You’d be surprised by how much food bloggers complain about having to make dinner. Yup. I’m guilty as well. After a day of cooking, styling and shooting recipes, sometimes it’s like, “Hey, doesn’t Irish soda bread sound great for dinner?” OK, so that is totally…well, sort of…an exaggeration, but I will say, the stack of takeout menus call my name. The problem is…and, for me, it’s a huge problem…healthy takeout food does not exist. Well, not within a car ride’s radius of me.

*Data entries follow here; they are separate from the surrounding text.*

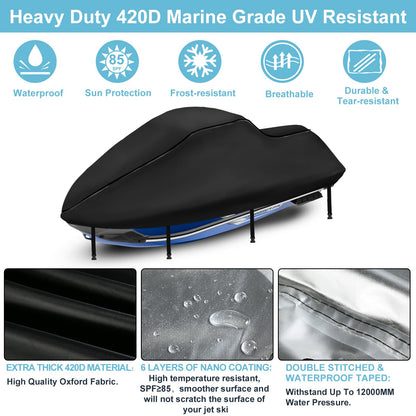 Jetski Covers 3 Seater, Upgraded Heavy Duty 420D Waterproof Motorboat Cover with 2 Air Vent Marine Grade UV Resistant for Seadoo,Kawasaki,Waverunner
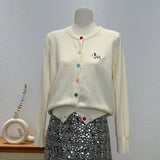Autumn Winter 2026 Soft Elegant O-neck Loose Casual Sweaters Women Knitted Chic Embroidery Cardigan Basic Colorful Buttons Tops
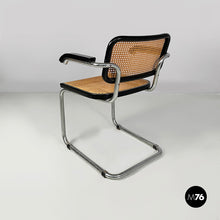 Load image into Gallery viewer, Chair in straw, black wood and steel, 1960s
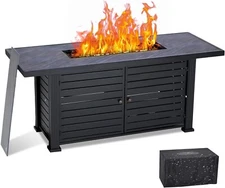 57'' Propane Fire Pit Table 50000 BTU Firepit Table with Cover for Outdoor Patio
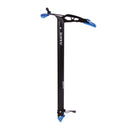 Black ice axe with blue accents on a white background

Asian food is a favorite in my house and this is a recipe I’ve been playing around with for a while. I’m always hesitant to publish recipes that are not true to their roots. Chinese food, as you can imagine, has many interpretations. Americanized takeout versions are far from their originals. Authentic Kung Pao, a Szechuan dish, differs from what most of us know as Kung Pao in that it doesn’t use bell peppers or celery. Szechuan peppercorns are also a key ingredient as well as Shaoxing wine and Chinese black vinegar.
This recipe is certainly a twist. This isn’t even authentically the typical takeout version. It’s a spin off of a fantastic recipe by J. Kenji Lopez-Alt. Kenji admits to loving the takeout version as a kid and wanted to recreate that. And I, wanted to recreate his into a vegetarian dish that would make even vegans and anyone sensitive to gluten happy!
It was also important to me to prepare this with as many easy-to-find ingredients as I could. The only ingredient you may not have on hand is the Chinese or Arbol chilies. Look for them in either the spice section or ethnic sections of your grocery store. They are very spicy and just a few thrown into the dish will add flavor throughout. I don’t recommend eating them! They are super hot!
So, toss those takeout menus to the wind, my friends. This deliciousness can be dinner in thirty minutes or less.
Kung Pao Eggplant
- 2 tablespoons tamari or soy sauce
- 2 tablespoons natural rice vinegar
- 3 tablespoons vegetable broth
- 2 tablespoons pure maple syrup
- 1 tablespoon finely grated fresh ginger root
- 1 teaspoon arrowroot flour or cornstarch
- 1 teaspoon toasted sesame oil
- 1 tablespoon + 1 teaspoon coconut oil divided
- 2 medium 2 pounds total eggplant, cut into 1 inch cubes
- 1 large red bell pepper cut into 1 inch dice
- 1 large green bell pepper cut into 1 inch dice
- 2 stalks celery cut into 1/2 inch slices
- 1/2 cup roasted unsalted peanuts
- 2 cloves garlic minced
- 3 to 4 medium dried red Chinese or Arbol chilies
- 2 scallions sliced thinly diagonally
- Mix the sauce in a small bowl and whisk to combine. Set aside.
- Heat a wok over high heat. Add 1 tablespoon of the coconut oil. When it just begins to smoke, add the eggplant cubes. Cook while stirring and tossing frequently until a bit golden, or for about 6 to 8 minutes, depending on the size of your cubes.
- Remove the eggplant onto a platter.
- Add 1 teaspoon of the coconut oil along with the bell peppers and celery. Cook for about 2 minutes, stirring frequently. Add the peanuts and toss to coat. Add the garlic, chilies and scallions. Add the eggplant back to the pan. Give the sauce a quick stir and add that as well. Toss to coat and cook for just 45 seconds to a minute.